Web Patterns

Patterns are nouns. Typically, they are identifiable things, which emerge, or are created, to resolve a set of pressures or problems. They are typically GENERIC ... they have emerged before, although usually in a unique way, adapted for the particulars of a situation. And for our purposes, patterns are GOOD. (An anti-pattern (-) is BAD.) And patterns should be GOOD for the WHOLE system. The SCALE at which they should be applied as a solution should also be clear. It should be clear at which STAGE of development they should emerge. They should also just be RIGHT: i.e. a pattern should make sense both to your head and your heart.

Here you'll see me generally aiming at finding GRADIENTS of patterns, because, to me, patterns are most useful when collected into SEQUENCES.

Note that a blog certainly doesn't have the right kind of order for this work. What I have here is essentially "scratch paper", or "working papers", for patterns which themselves will eventually be presented as a gradient, in order. Of course, that kind of webapp is a pattern: "GRADIENT SEQUENCE".

HTML gradient

Where, in the gradient of web patterns, does HTML(XHTML) fit?

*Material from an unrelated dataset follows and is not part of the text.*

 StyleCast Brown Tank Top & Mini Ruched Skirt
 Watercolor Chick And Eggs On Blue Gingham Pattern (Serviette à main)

Of course, this is continuously changing. The markup language used to provide:

(1) identity of the page
(2) classification of content
(3) layout of content
(4) styling of content

... and of course, with CSS, (4) is now deprecated completely, with (3) actively being pushed out of the door, but keeping a foot in, in the "CSS with Minimal Tables" compromise (see Apple's Web Development Best Practices page).

That said, it is impossibly difficult to engage in (2) without an existing storyboard (or wireframe or visual outline or mock-up or comp) in mind, on the screen or on paper. In fact, (2) never happens otherwise ... even the most dynamically generated web pages will reveal, in the designer's naming and categorization of classes and ids of elements, some kind of visual arrangement of data -- in fact, usually it was written with some specific example in mind.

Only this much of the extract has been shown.